7) Choreography example (topics)

orders → OrderCreated{order_id}
inventory listens:
  on OrderCreated → try ReserveStock → emit StockReserved/StockReserveFailed
payments listens:
  on StockReserved → try ChargePayment → emit PaymentCaptured/PaymentFailed
shipping listens:
  on PaymentCaptured → CreateShipment → emit ShipmentCreated/ShipmentFailed
orders listens:
  on ShipmentCreated → mark Order Completed
  on PaymentFailed/StockReserveFailed → mark Order Failed
  • Add timeouts via a scheduler that emits StockReserveTimedOut if no result in time.
  • Keep topics per domain and keys per aggregate (e.g., order_id) for per‑key ordering.

8) Read models & UX

  • Users hate “pending forever.” Show immediate acceptance and a pending state while the saga runs.
  • Build query/read models (CQRS) that join data via events into denormalized tables for fast UIs.
  • For admin ops, expose a saga view: state, last event, retries, correlation ID.

9) Observability

  • Tracing: propagate trace_id, correlation_id, and include causation_id on every message.

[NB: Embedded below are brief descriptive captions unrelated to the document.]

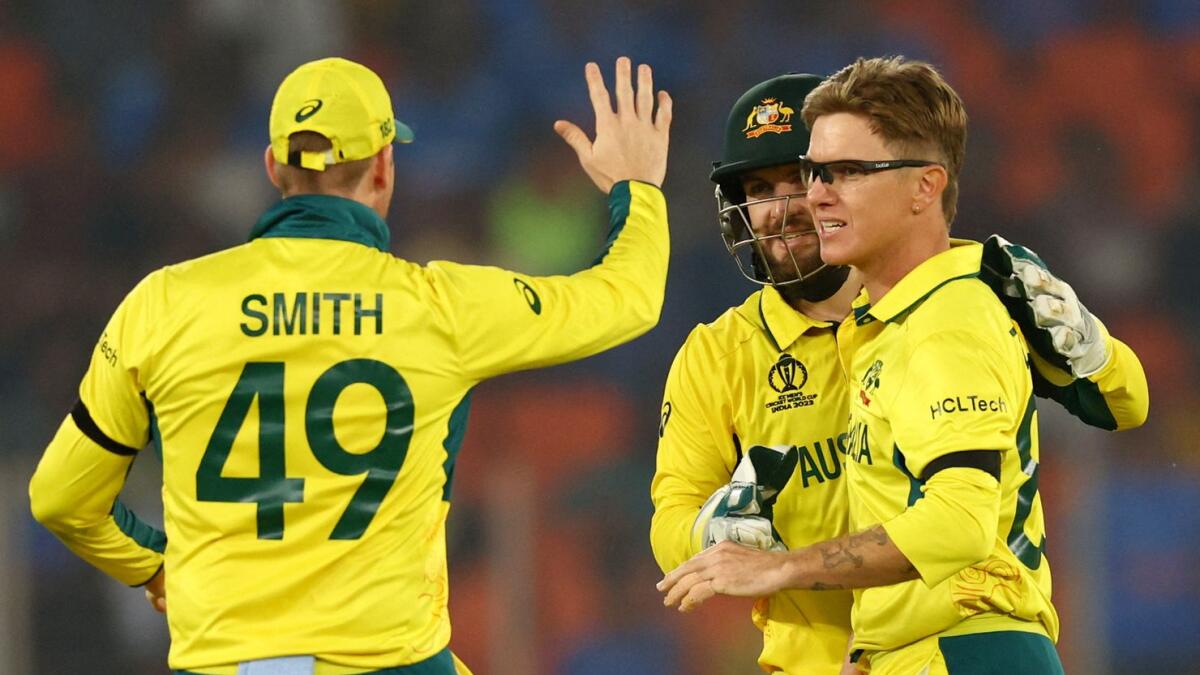 Australia's Adam Zampa celebrates with Josh Inglis and Steve Smith after taking a wicket. - AFP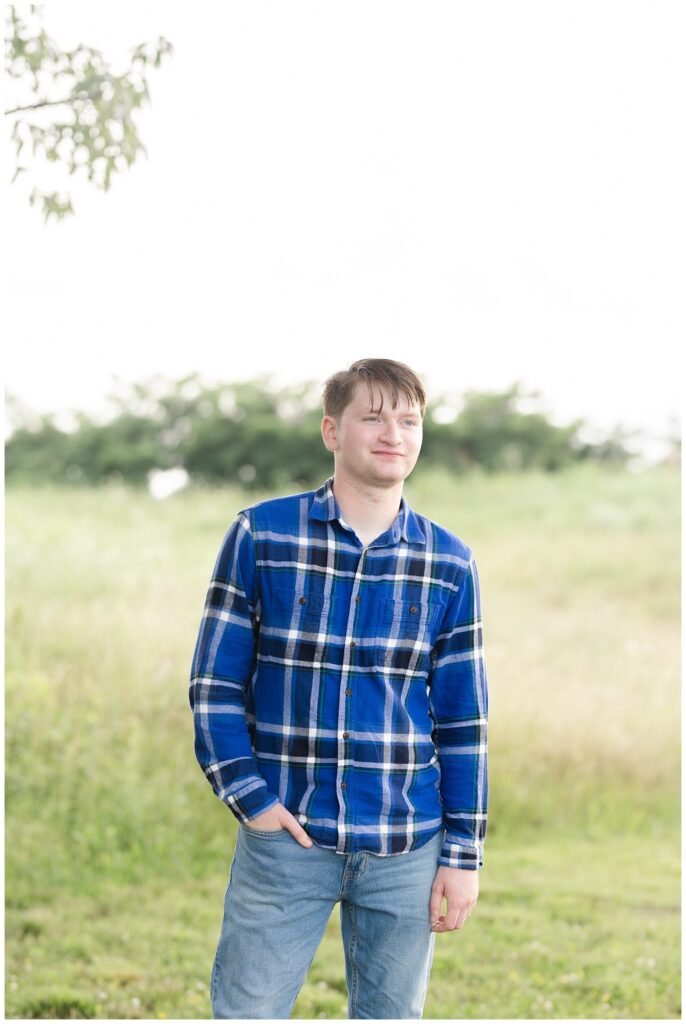 senior boy posing with his hand in his pocket wearing a white and blue striped shirt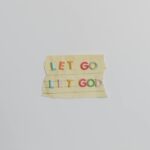 Minimalist image of a torn paper with the phrase 'Let Go, Let God' in colorful letters.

Spans per step with events: sent, received, retry, timeout, compensation.
  • Metrics: saga_started_total, saga_completed_total, saga_failed_total, per‑step latency histograms, retries, DLQ size.
  • Logging: structured logs with saga, order_id, event, attempt, state.

10) Pitfalls & fast fixes

| Pitfall | Why it hurts | Fix | |---|---|---| | Using events to tell others what to do | Tight coupling creeps back | Use commands for requests; events for facts | | No outbox/inbox | Drops/dupes cause chaos | Add outbox (emit) + inbox (dedupe) | | Global ordering assumptions | Doesn’t exist | Order is per key; include sequence/version | | No compensations | Irreversible side‑effects | Design undo/mitigate steps upfront | | Orchestrators that keep all state in memory | Lost progress on crash | Persist saga state; resume on restart | | Chatty events with breaking schema | Subscriber breakage | Version events; use additive changes | | Infinite retries on permanent errors | System thrash | Backoff + jitter, DLQ + alerting | | Hard deletes of events | Lost audit/replay | Retain events (compact only when safe) |


Quick checklist

  • [ ] Distinguish commands (requests) vs events (facts).
  • [ ] Pick orchestration or choreography per workflow; document steps, timeouts, compensations.
  • [ ] Implement outbox/inbox, idempotency, correlation/causation IDs.
  • [ ] Key streams by aggregate ID; include version/sequence.
  • [ ] Add DLQ, backoff, and saga dashboards.
  • [ ] Version events and publish schemas/contracts.

One‑minute adoption plan

  1. Map one real workflow (e.g., order‑to‑cash) into steps, success criteria, compensations, and timeouts.
  2. Implement a minimal orchestrator or choreography with outbox/inbox and idempotent handlers.
  3. Add correlation IDs end‑to‑end and basic metrics/tracing.
  4. Provide a pending UX and a saga status endpoint.
  5. Iterate: measure failures/timeouts, tune retries, and refine compensations.